Auditor General DePasquale Critical of Missing Details on $8.7 million Transportation Costs in Greater Johnstown School District
Cost to Local Taxpayers to Cover Transportation Soared 266 Percent in Five YearsAuditor General DePasquale Critical of Missing Details on $8.7 million Transportation Costs in Greater Johnstown School District
Cost to Local Taxpayers to Cover Transportation Soared 266 Percent in Five Years
JOHNSTOWN, PA (Dec. 20, 2013) — Auditor General Eugene DePasquale today criticized the Greater Johnstown School District, Cambria County, for being unable to justify $8.7 million in transportation reimbursements received over 10 years.
In the latest audit covering the 2008-09 and 2009-10 school years, the district did not maintain documentation supporting$2.3 million in state transportation reimbursements. The district has not provided documents to support the accuracy of $8.7 million in transportation reimbursements since the 2002-03 school year. As a result, auditors have been unable to verify if the district received the correct amount of state reimbursements for four consecutive audits.
“Despite repeated promises, school officials failed to fix chronic problems with the lack of transportation documentation identified in four consecutive audits,” DePasquale said. “We keep warning them and warning them to address this. Yet they have done very little. This is very troubling because taxpayers deserve to have a full accounting for every dollar.”
DePasquale said he was also concerned the district continues to spend more than the state reimbursement for transportation costs, leaving taxpayers to absorb the difference.
Auditors found district taxpayers paid a $3.9 million difference between state reimbursements and a private contractor’s transportation costs over a five-year period, starting in 2005. In that five-year span, the transportation contractor’s costs increased by approximately 61 percent; the state reimbursement went up approximately 4.0 percent, and the local share to cover the difference up by approximately 266 percent.
DePasquale recommends district officials solicit competitive bids for transportation, ensure supporting documentation is maintained and verify the accuracy of transportation related data it receives.

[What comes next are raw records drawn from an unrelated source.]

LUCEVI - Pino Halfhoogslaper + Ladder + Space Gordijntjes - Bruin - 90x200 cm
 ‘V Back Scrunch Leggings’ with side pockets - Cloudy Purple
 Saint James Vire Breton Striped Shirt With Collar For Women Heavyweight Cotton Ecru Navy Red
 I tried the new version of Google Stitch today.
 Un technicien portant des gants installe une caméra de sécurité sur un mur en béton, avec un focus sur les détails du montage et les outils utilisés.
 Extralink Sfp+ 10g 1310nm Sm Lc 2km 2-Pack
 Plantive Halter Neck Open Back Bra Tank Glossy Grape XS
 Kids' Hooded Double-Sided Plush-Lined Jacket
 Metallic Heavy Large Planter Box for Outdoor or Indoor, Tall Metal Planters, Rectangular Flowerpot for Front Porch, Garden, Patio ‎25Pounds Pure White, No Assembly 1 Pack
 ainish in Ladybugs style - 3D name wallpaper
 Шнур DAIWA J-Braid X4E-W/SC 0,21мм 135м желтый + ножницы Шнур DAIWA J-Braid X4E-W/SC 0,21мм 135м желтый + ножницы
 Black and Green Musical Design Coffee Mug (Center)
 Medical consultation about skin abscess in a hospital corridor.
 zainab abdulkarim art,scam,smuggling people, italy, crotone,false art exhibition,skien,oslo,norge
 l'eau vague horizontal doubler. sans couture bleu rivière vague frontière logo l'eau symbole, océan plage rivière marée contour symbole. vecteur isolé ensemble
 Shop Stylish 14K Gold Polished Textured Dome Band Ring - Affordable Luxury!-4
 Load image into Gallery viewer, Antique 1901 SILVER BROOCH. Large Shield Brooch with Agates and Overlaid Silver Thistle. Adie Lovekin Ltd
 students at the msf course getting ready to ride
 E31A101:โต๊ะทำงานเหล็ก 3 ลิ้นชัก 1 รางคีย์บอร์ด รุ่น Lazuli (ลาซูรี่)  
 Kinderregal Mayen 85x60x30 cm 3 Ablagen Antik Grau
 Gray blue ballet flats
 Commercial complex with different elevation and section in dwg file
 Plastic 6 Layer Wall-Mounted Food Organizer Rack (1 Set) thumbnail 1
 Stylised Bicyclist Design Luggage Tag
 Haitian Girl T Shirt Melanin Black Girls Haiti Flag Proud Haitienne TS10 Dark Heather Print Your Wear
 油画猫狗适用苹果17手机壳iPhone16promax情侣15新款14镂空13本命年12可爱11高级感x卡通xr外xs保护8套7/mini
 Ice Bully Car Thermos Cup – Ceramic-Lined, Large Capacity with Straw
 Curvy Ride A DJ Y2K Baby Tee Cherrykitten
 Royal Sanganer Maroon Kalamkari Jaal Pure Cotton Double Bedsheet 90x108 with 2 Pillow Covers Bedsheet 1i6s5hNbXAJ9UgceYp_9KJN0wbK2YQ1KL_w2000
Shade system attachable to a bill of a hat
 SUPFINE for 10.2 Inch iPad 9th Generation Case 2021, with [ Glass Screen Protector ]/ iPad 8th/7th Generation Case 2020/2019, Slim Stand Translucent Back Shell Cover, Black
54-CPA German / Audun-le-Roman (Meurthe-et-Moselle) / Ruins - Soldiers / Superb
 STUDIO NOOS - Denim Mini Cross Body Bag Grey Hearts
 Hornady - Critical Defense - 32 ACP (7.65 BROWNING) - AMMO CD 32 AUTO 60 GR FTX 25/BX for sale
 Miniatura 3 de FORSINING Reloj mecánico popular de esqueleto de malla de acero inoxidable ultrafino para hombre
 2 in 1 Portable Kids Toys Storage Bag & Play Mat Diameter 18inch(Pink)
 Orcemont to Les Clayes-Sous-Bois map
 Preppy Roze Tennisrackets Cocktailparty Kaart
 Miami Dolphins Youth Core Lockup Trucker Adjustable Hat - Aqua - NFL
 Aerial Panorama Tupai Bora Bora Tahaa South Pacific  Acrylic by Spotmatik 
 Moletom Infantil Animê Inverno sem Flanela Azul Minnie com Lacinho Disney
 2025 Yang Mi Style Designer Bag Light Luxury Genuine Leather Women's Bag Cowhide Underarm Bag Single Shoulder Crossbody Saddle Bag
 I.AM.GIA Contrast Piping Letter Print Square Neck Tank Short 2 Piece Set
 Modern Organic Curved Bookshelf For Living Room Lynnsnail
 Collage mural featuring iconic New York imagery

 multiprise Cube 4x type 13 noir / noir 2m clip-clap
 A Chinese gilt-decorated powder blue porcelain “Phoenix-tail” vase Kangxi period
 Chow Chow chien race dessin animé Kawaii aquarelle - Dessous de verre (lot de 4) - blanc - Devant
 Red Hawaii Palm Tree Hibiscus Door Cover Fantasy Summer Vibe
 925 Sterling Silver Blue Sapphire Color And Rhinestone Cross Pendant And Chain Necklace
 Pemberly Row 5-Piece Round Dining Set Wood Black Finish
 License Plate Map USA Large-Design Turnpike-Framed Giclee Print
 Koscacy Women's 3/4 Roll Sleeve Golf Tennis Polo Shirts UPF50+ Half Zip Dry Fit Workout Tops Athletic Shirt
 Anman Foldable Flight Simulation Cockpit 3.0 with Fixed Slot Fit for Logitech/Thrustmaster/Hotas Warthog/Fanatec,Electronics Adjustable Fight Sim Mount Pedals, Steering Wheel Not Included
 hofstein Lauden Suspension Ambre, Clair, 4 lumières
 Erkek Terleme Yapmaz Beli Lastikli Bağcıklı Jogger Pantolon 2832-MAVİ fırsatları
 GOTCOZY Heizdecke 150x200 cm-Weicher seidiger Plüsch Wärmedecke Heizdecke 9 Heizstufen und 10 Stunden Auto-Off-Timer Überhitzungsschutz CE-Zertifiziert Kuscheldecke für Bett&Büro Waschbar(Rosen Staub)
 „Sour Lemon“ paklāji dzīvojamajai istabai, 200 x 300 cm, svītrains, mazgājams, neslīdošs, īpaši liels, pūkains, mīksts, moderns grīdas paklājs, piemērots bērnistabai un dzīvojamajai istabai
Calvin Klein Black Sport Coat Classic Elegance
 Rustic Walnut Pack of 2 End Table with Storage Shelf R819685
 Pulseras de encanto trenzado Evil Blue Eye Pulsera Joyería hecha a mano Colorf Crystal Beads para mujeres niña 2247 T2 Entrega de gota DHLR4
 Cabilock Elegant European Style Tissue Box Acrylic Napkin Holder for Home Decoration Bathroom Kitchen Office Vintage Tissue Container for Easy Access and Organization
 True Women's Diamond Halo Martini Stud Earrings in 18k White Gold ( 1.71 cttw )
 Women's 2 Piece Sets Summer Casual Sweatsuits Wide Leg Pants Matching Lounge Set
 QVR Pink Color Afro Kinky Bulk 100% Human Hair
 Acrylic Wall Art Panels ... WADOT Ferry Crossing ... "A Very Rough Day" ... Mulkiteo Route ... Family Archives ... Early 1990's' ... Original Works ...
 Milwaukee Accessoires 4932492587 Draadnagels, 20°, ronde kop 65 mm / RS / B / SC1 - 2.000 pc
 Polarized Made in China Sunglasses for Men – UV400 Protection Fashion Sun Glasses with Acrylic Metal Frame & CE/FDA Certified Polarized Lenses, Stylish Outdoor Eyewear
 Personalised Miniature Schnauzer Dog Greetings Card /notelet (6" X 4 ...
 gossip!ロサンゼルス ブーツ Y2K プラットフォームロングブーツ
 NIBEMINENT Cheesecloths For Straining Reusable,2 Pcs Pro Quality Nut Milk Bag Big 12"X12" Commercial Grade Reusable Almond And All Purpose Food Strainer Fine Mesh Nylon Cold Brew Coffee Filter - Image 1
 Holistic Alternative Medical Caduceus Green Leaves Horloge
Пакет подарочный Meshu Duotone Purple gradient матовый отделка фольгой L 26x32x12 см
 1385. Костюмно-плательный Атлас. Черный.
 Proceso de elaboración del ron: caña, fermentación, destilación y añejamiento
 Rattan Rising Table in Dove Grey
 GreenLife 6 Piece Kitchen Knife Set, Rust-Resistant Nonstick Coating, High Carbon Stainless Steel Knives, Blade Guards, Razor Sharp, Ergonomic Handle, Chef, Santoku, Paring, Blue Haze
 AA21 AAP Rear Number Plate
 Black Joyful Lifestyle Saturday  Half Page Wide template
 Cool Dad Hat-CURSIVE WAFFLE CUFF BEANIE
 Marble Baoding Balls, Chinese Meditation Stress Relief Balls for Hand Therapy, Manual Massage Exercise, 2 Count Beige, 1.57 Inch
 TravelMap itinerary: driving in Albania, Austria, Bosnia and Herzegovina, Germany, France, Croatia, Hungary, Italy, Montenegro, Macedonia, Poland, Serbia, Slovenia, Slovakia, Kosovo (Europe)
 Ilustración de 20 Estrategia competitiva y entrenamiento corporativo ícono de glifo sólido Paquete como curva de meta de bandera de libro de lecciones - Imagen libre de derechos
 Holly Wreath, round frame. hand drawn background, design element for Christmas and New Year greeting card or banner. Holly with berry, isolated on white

“Taxpayers in the greater Johnstown area are getting clobbered. The district needs to do everything it can to ensure that as much funding as possible is going into classroom education,” DePasquale said.
The Greater Johnstown School District provided basic education to 3,212 students and employed 232 teachers, 99 full- and part-time support personnel and 19 administrators in the 2009-10 school year when it received $23 million in state funding.
The Department of the Auditor General’s Bureau of School Audits examines the records of school districts, charter schools, intermediate units, and area vocational-technical schools. The audits assess whether school entities received the state subsidies and reimbursements to which they were entitled, accurately managed taxpayer funds, and complied with ethics codes. The audits also determine whether teachers and administrators were properly certified for the positions they held during the audit period.